Bogor, MI - Dewan Kehormatan Penyelenggara Pemilu (DKPP) menegaskan bahwa setiap laporan dugaan pelanggaran kode etik penyelenggara pemilu harus memenuhi seluruh persyaratan administrasi sebelum dapat diproses lebih lanjut.
Jika laporan tidak dilengkapi dalam batas waktu yang telah ditentukan akan dinyatakan gugur sesuai mekanisme yang berlaku.
Demikian disampaikan Anggota DKPP, I Dewa Kade Wiarsa Raka Sandi, menjawab berbagai pertanyaan publik terkait tindak lanjut sejumlah laporan dugaan pelanggaran etik yang belakangan menjadi perhatian masyarakat.
Dewa memgatakan, seluruh laporan yang diterima DKPP terlebih dahulu menjalani proses verifikasi administrasi sesuai ketentuan dalam pedoman beracara DKPP. Tahapan ini menjadi syarat awal sebelum sebuah perkara dapat memasuki proses pemeriksaan.
"Laporan yang disampaikan memang kami tindak lanjuti. Namun setelah diverifikasi, pengadu belum melengkapi persyaratan administrasi. Karena itu, berdasarkan hasil pleno, status aduan tersebut dinyatakan gugur. Itu memang mekanisme yang diatur dalam peraturan," kata Dewa, Rabu malam (1/7/2026).
Dewa menjelaskan, sebelum sebuah laporan dinyatakan gugur, DKPP lebih dahulu menyampaikan pemberitahuan resmi kepada pelapor mengenai dokumen atau persyaratan administrasi yang masih harus dilengkapi. Pelapor kemudian diberikan waktu selama tujuh hari sejak pemberitahuan diterima.
"Ketentuannya jelas. Jika syarat administrasi belum lengkap, DKPP memberitahukan kepada pengadu. Apabila dalam waktu tujuh hari tidak dilengkapi, maka status hukumnya gugur," ujarnya.
Dewa menegaskan, dalam menangani perkara etik, DKPP tetap menjaga independensi dan tidak dapat memengaruhi siapa pun untuk mengajukan maupun mencabut laporan. Lembaga tersebut hanya bekerja berdasarkan pengaduan yang memenuhi syarat sesuai ketentuan hukum acara.

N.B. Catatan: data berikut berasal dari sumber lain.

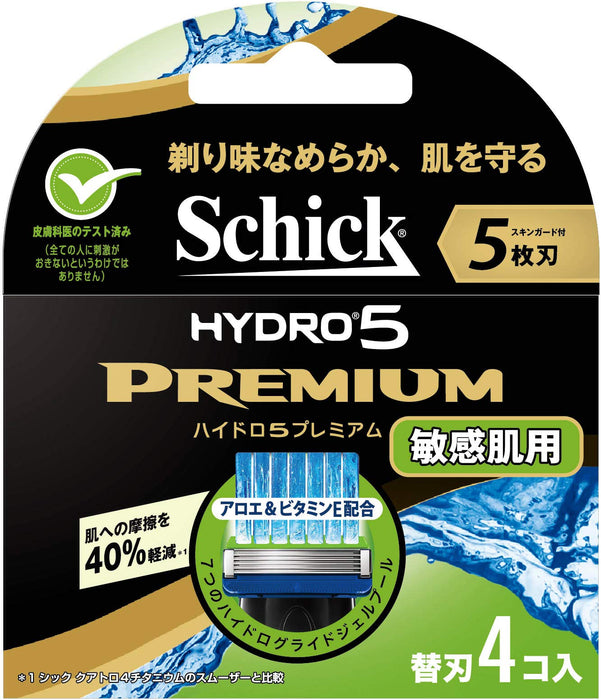 Schick Hydro 5 Premium Sensitive Skin Replacement Razor Blades 5 Blades 4 Count for Men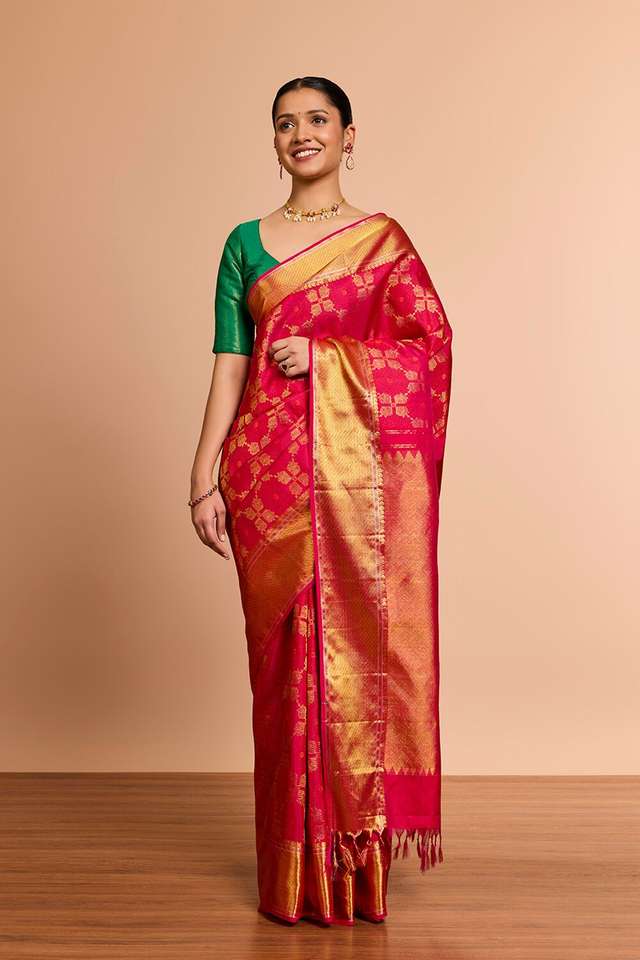 Pink Brocade Pure Silk Kanjeevaram Saree thumbnail image number null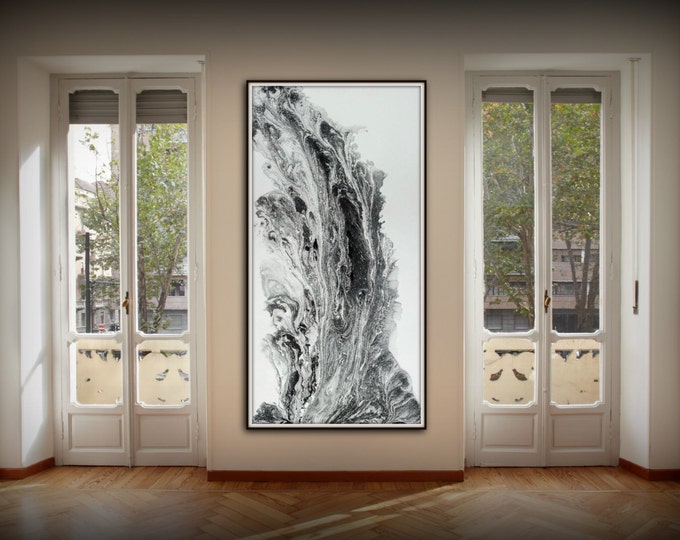 Large Abstract Painting Print Abstract Art Canvas Print, Black and White Art, Large Abstract Wall Art, Large Abstract Art Fine Art Print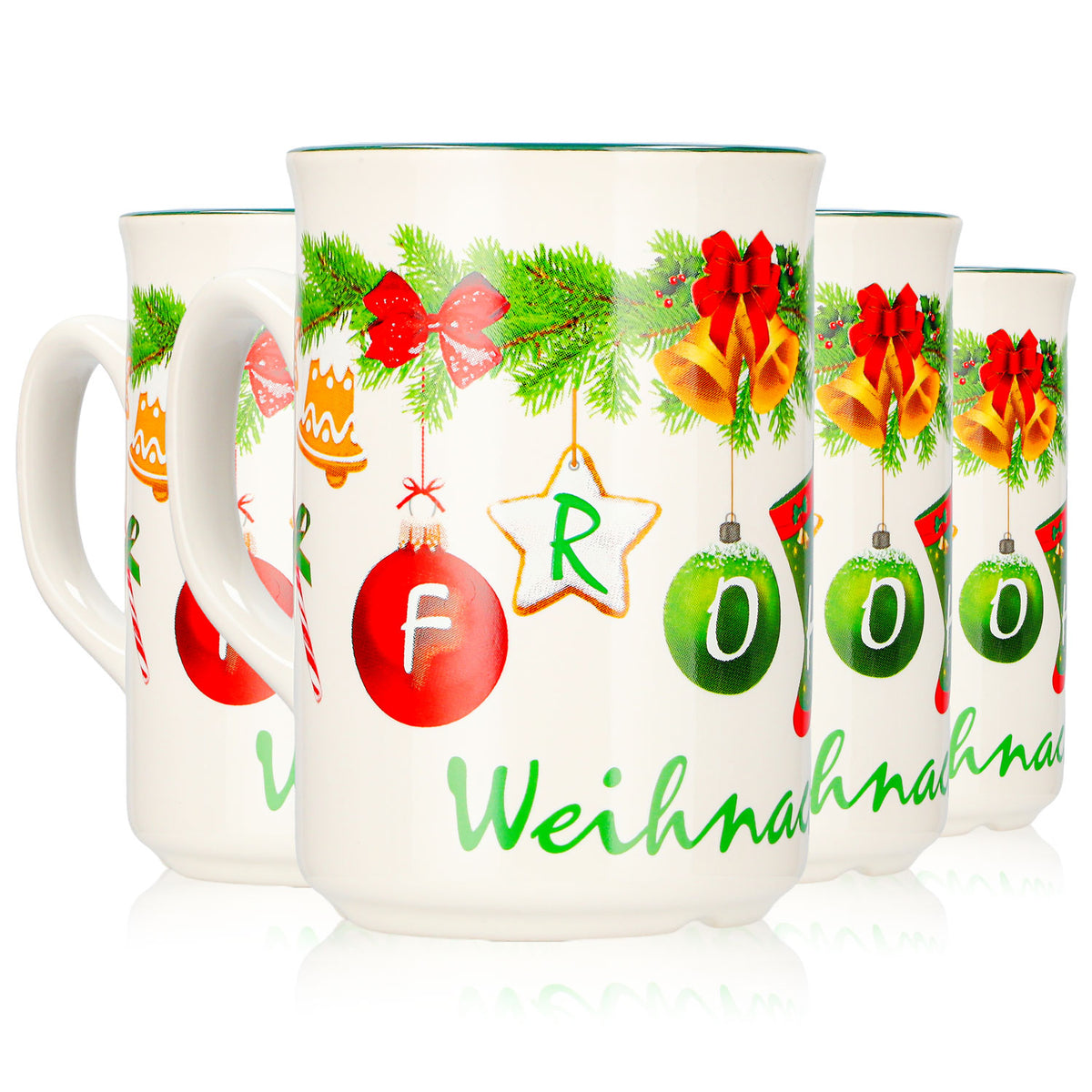 4 Mohaba Mulled Wine Mugs, Model 9000, Christmas Garland, "Merry Christmas Chamonix," 0.2 L, Calibrated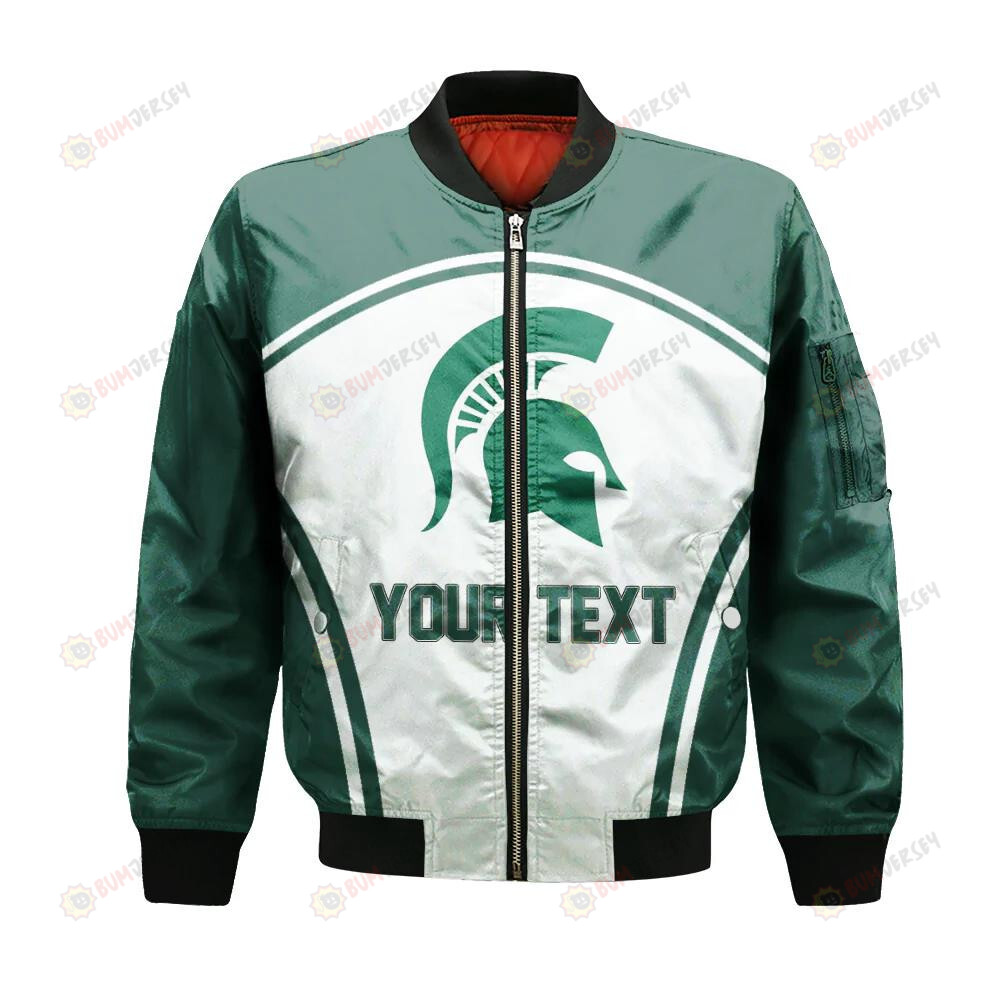 Michigan State Spartans Bomber Jacket 3D Printed Custom Text And Number Curve Style Sport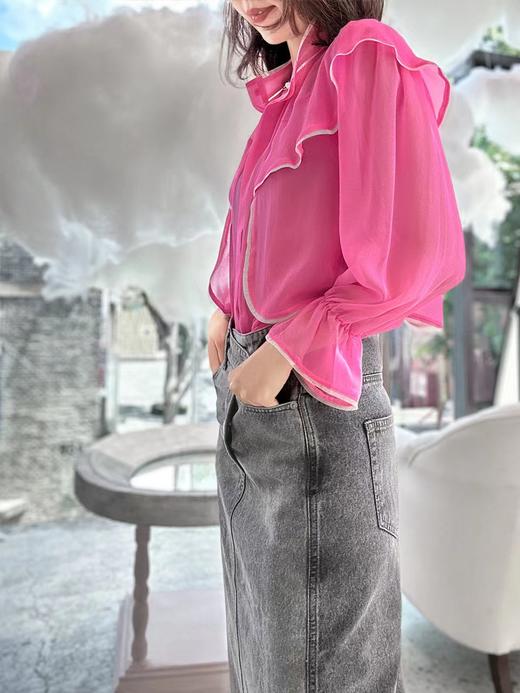 TYNVIE 立领雪纺长袖衬衫-粉色 商品图8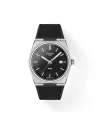 Montre Tissot PRX avec cadran noir et bracelet en caoutchouc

"Posisi DKPP dalam perkara adalah pasif. Kami tidak boleh mendorong seseorang membuat pengaduan, dan juga tidak boleh melarang seseorang mengadukan perkara. Yang kami pastikan adalah seluruh proses berjalan sesuai pedoman beracara DKPP," tegasnya.
Menurut Dewa, prinsip tersebut merupakan bagian dari komitmen DKPP untuk menjaga objektivitas serta memberikan perlakuan yang sama kepada seluruh pihak, baik pelapor maupun pihak yang diadukan.
Ia juga mengakui adanya berbagai pemberitaan media mengenai sejumlah laporan yang masuk ke DKPP sehingga memunculkan pertanyaan publik terkait sikap lembaga tersebut. Namun, ia menekankan bahwa setiap keputusan selalu diambil berdasarkan aturan dan diputuskan melalui rapat pleno.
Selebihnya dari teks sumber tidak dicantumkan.